• [To do]: Since the copy must match the original, write out each record word for word, skipping only the pictures.

• [Working data]:
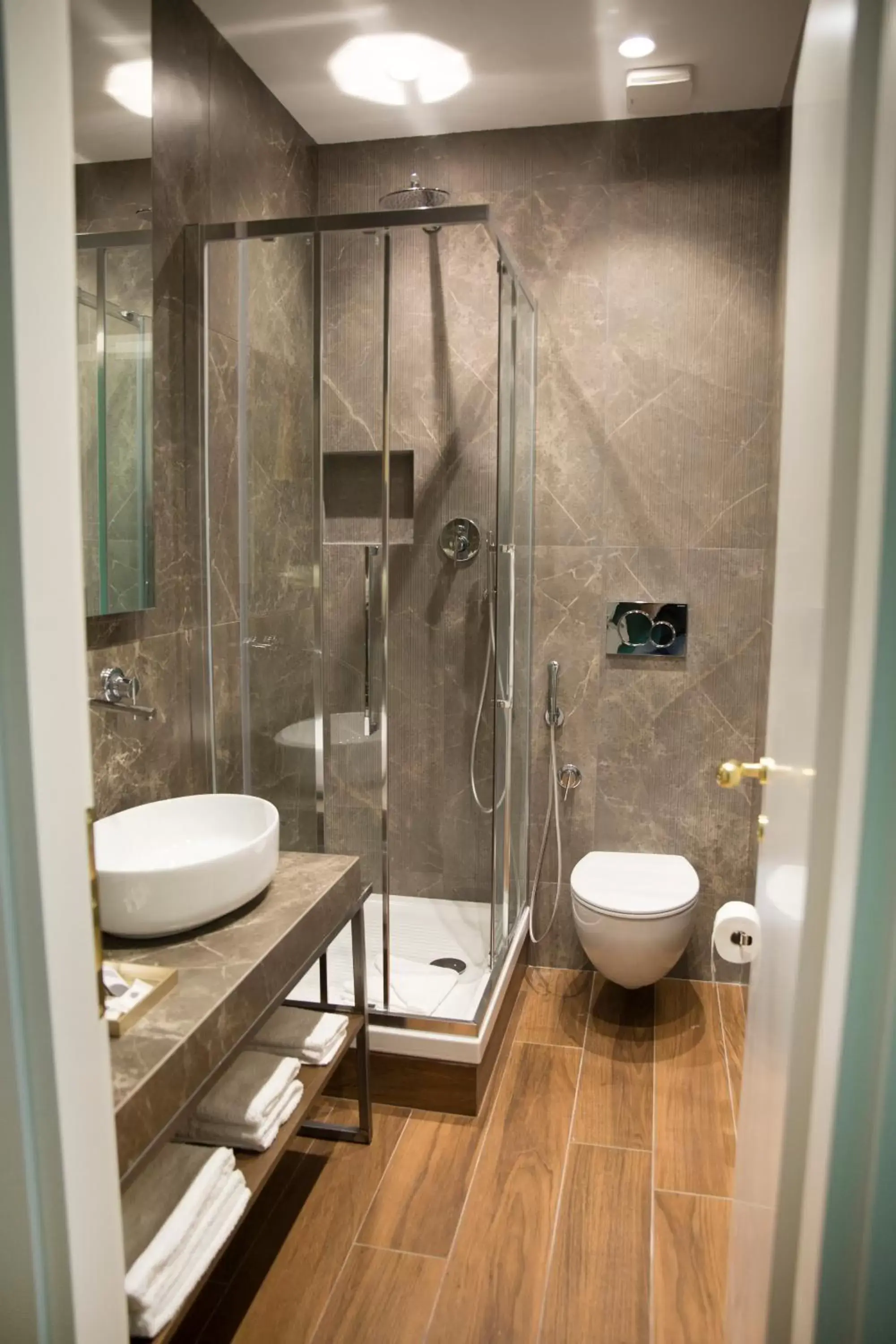 Shower, Bathroom in Unicum Roma Suites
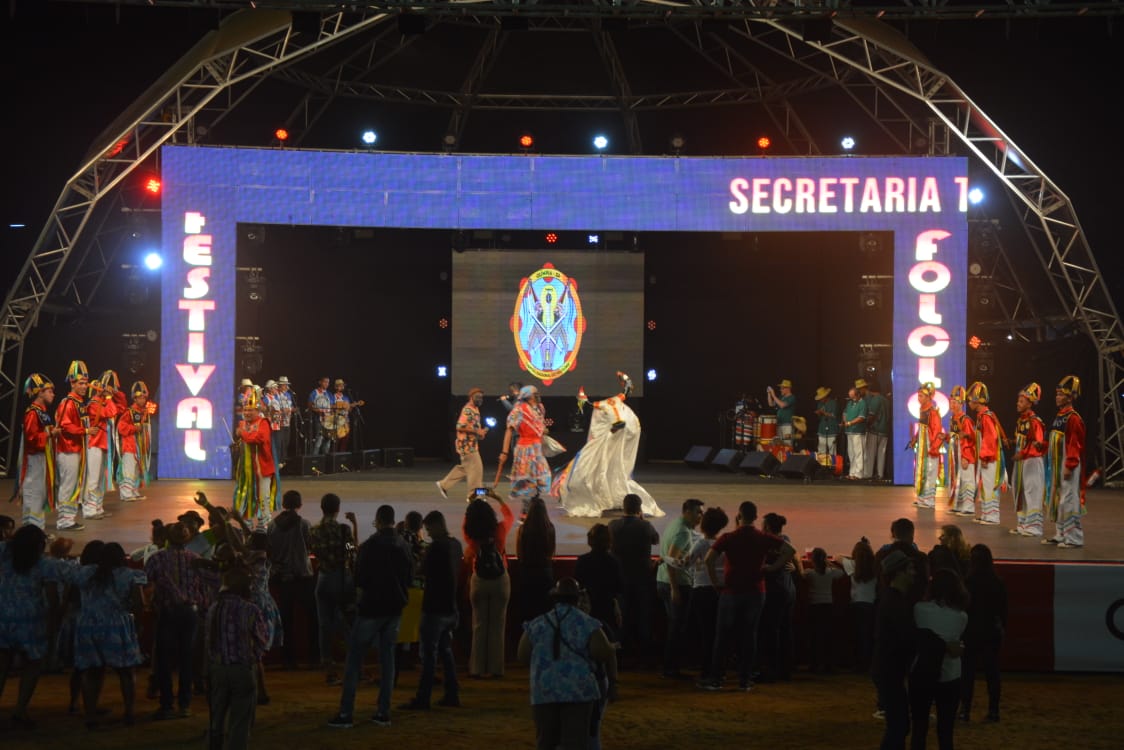 Com apoio da Prefeitura, Boi Calemba Pintadinho representa o RN em Festival de Folclore de SP
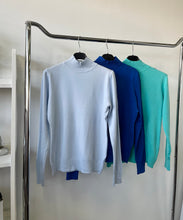 Kép betöltése a galériamegjelenítőbe: 002 BASIC félgarbó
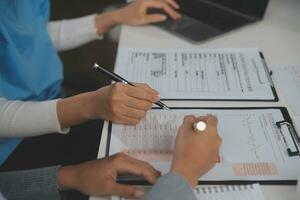 dokters, verpleegster of laptop in nacht teamwerk, medisch Onderzoek of chirurgie planning in welzijn ziekenhuis. praten, denken of gezondheidszorg Dames Aan technologie voor samenwerking helpen of leven verzekering app foto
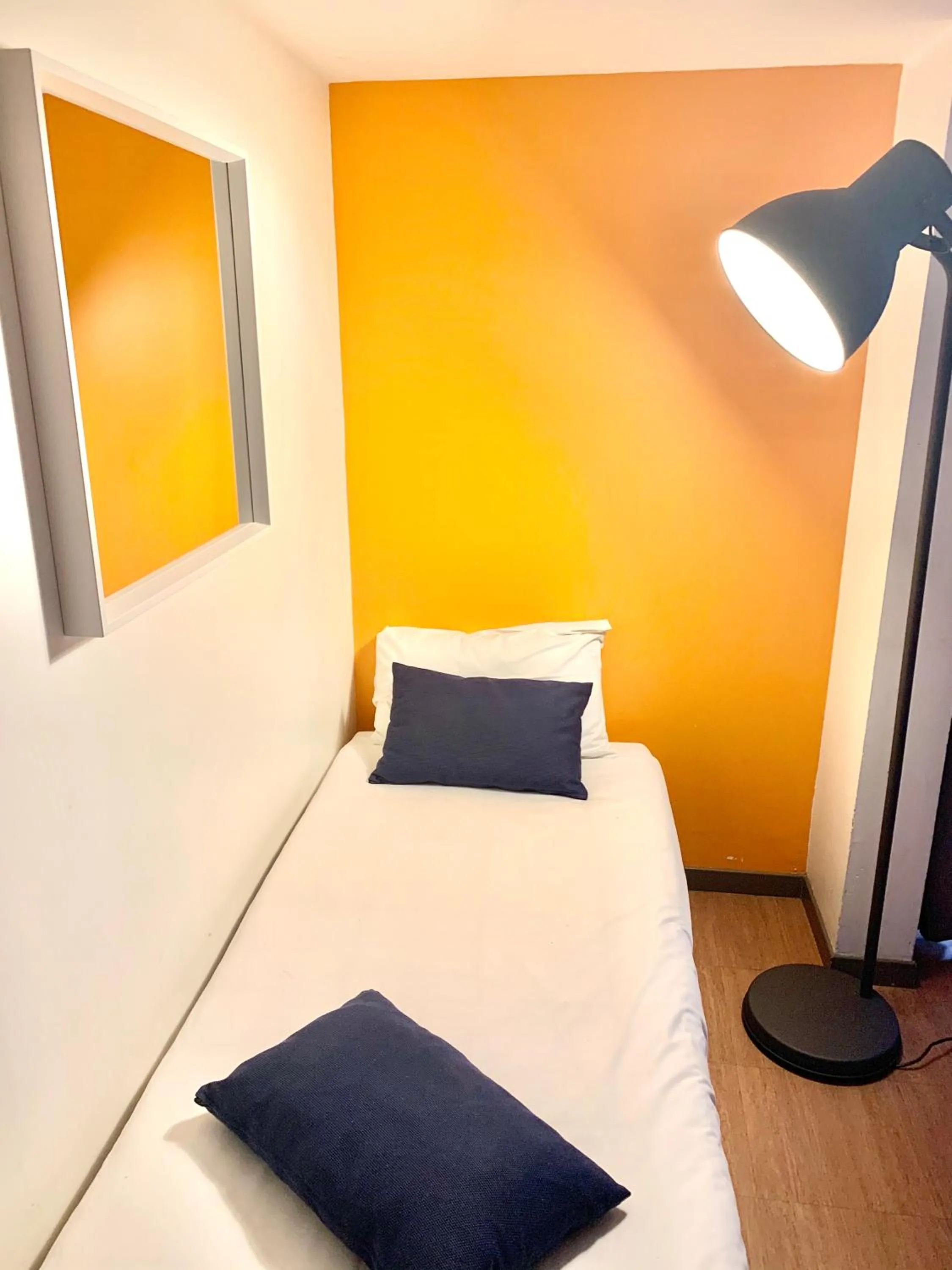 Bed in Budget Hotel Melun Sud - Dammarie Les Lys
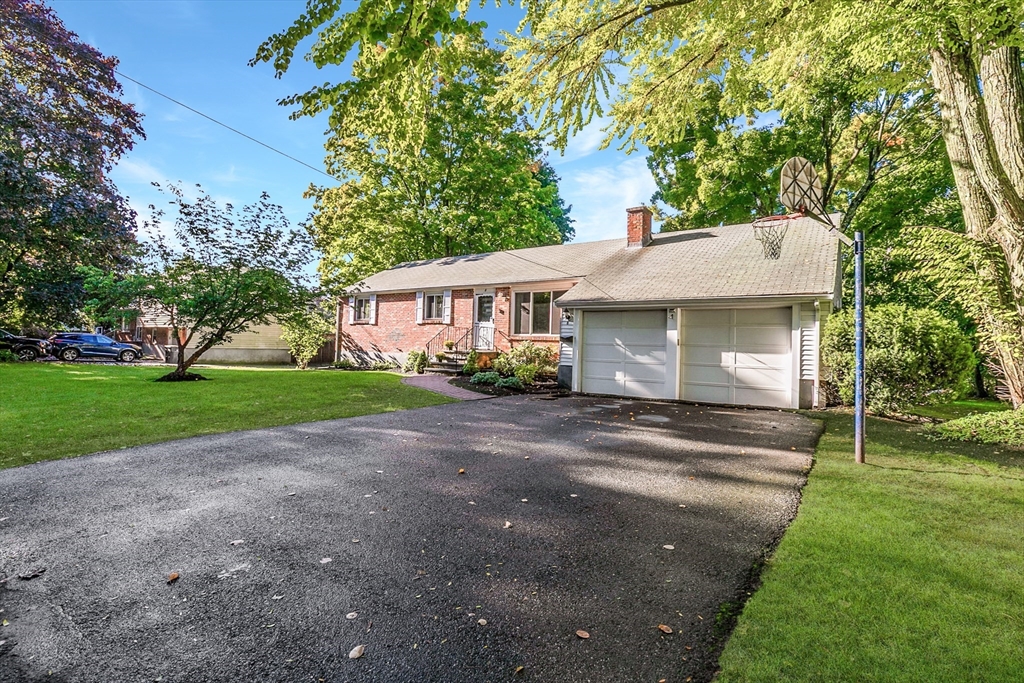 8 Waveney Road Framingham, MA 01701 - Photo 2 of 30 Gallery Image 2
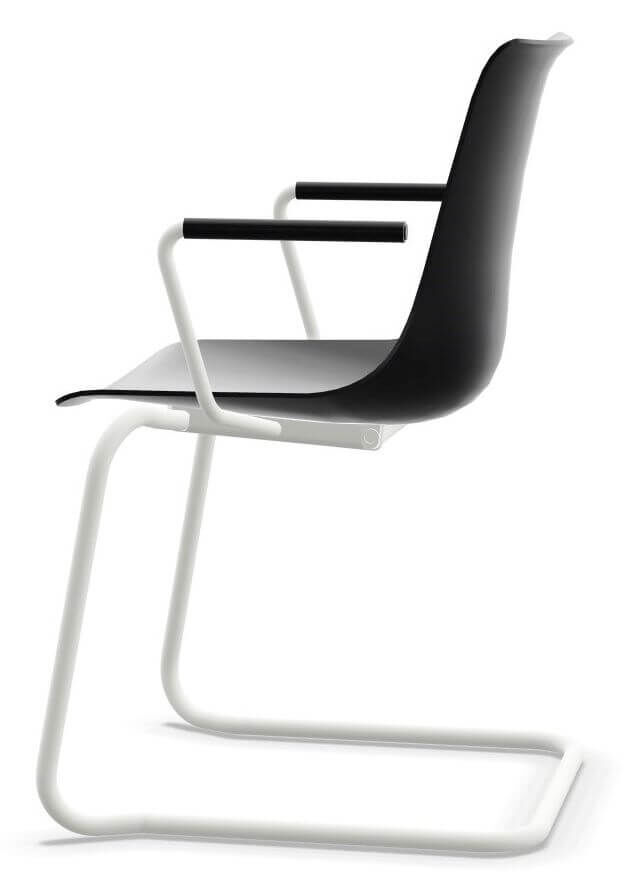 Interstuhl Shuffle SU 121 Freischwinger seitlich, offene Armlehnen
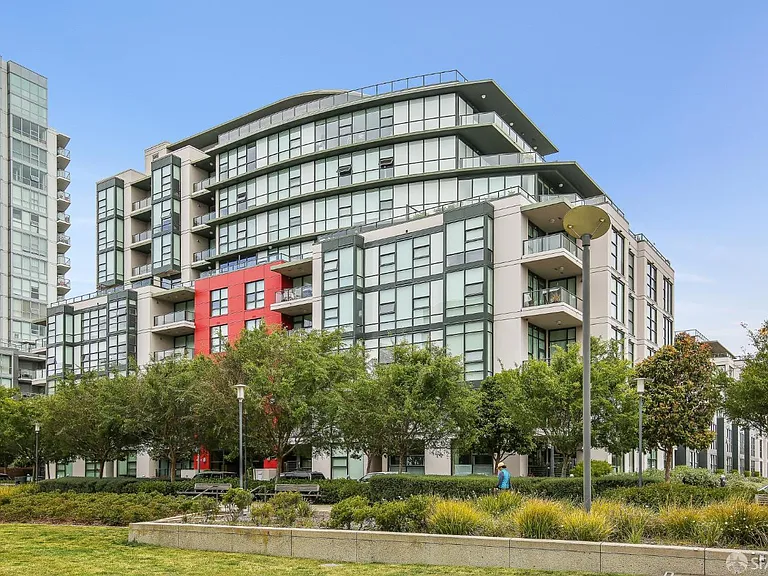 330 Mission Bay Blvd #701 — Photo 1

• [Task solution]:
 Shower, Bathroom in Unicum Roma Suites
 Com apoio da Prefeitura, Boi Calemba Pintadinho representa o RN em Festival de Folclore de SP
 Kép betöltése a galériamegjelenítőbe: 002 BASIC félgarbó
 dokters, verpleegster of laptop in nacht teamwerk, medisch Onderzoek of chirurgie planning in welzijn ziekenhuis. praten, denken of gezondheidszorg Dames Aan technologie voor samenwerking helpen of leven verzekering app foto
 Bed in Budget Hotel Melun Sud - Dammarie Les Lys
 8 Waveney Road Framingham, MA 01701 - Photo 2 of 30 Gallery Image 2
 Interstuhl Shuffle SU 121 Freischwinger seitlich, offene Armlehnen
 330 Mission Bay Blvd #701 — Photo 1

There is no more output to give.